Perché a questo punto, le monarchie del Golfo nemiche di Teheran cercheranno a loro volta di accelerare il loro programma nucleare. In gennaio, durante il suo lungo viaggio (tre settimane) negli Stati Uniti, il principe reggente saudita, Mohammed Bin Salman, aveva inserito nella sua agenda un tema “caldo”: il programma nucleare saudita. Già dal 2010 Riad ha infatti avviato un programma per fini civili che prevede la costruzione di 16 reattori entro il 2030, (anche se il primo sarebbe dovuto entrare funzione nel 2022). La motivazione è la stessa di quella, da tempo, sbandierata dai rivali iraniani; creare energia pulita per i crescenti consumi interni e avere più petrolio destinato all’export. Eppure le dichiarazioni rilasciate prima del viaggio da Mbs non sembrano ispirate a un uso pacifico dell’atomo: «Se l’Iran avrà la bomba atomica, la svilupperemo anche noi, il prima possibile», aveva avvertito.
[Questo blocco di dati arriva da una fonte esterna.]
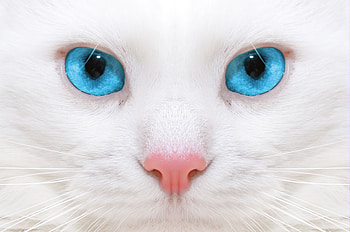 Animals, Macro, Kitty, Kitten, Beautiful, White Cat HD wallpaper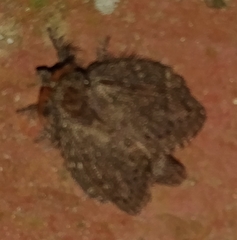 Euglyphis melancholica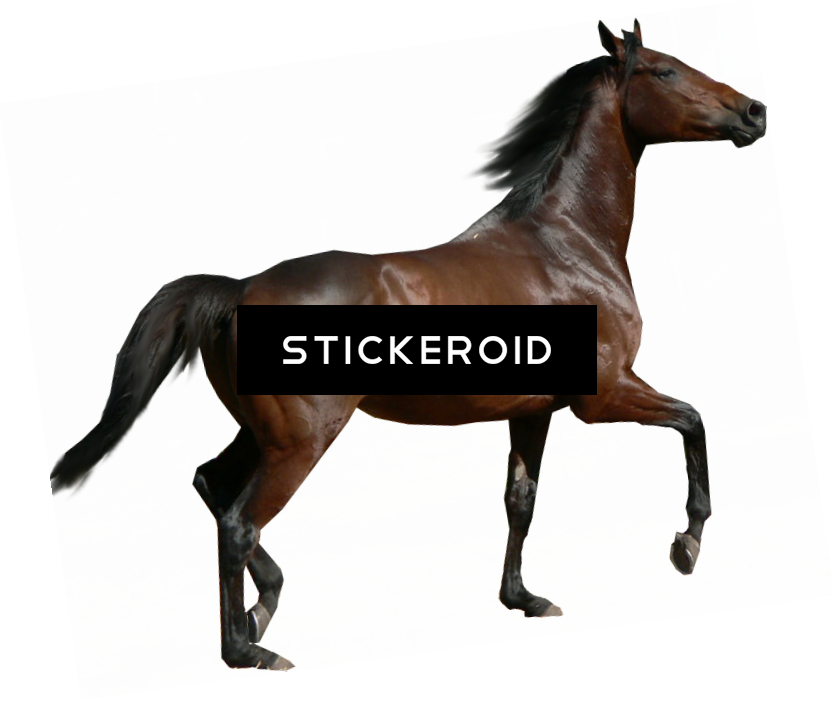 Horse - Portable Network Graphics (835x701), Png Download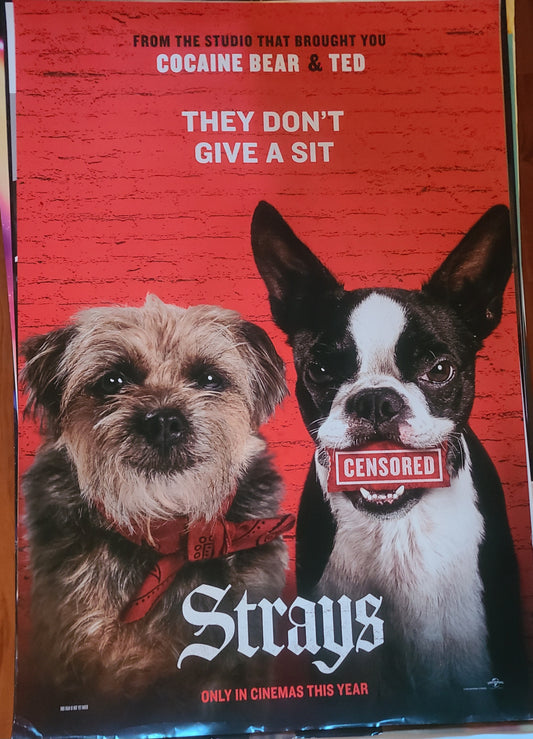 Strays Poster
E chi aiuterà i sauditi nel loro cammino verso la tecnologia nucleare “a fini pacifici”? Il suo migliore alleato, Donald Trump. Per non avvantaggiare i concorrenti britannici, francesi, giapponesi e cinesi, Trump intenderebbe concludere un accordo di cooperazione sul nucleare civile con Riad. A condizione che i sauditi non arricchiscano l’uranio, passo che li porterebbe in breve tempo a fabbricare un ordigno nucleare. Il fatto che Riad, come Teheran, sia un Paese firmatario del Trattato di non proliferazione non suona tuttavia come una garanzia.

L’Europa tra l’incudine e il martello
E l’Europa? I paesi con grandi relazioni commerciali con la Russia si troveranno tra l’incudine e il martello. Scegliere se unirsi alla linea di Trump e non incorrere nelle sanzioni unilaterali americane ma accusare ricadute commerciali con l’Iran e soprattutto con la Russia, oppure continuare ad andare avanti compatti sulla linea di difesa dell’accordo, che senza gli Usa resta però svuotato. In ambedue i casi il prezzo da pagare sarà molto alto e la crisi diplomatica tra Bruxelles e Washington si aggraverà.
In caso di stralcio del Jpcoa un’altra minaccia incombe questa volta contro gli Stati Uniti: una potenziale ondata di cyber attacchi ispirati dall’Iran contro i punti nevralgici della politica e della finanza americana.
Il tempo stringe. C’è ora da sperare nella capacità degli altri influenti politici americani di convincere Trump a una soluzione di compromesso. Ma a questo punto è un’ipotesi remota.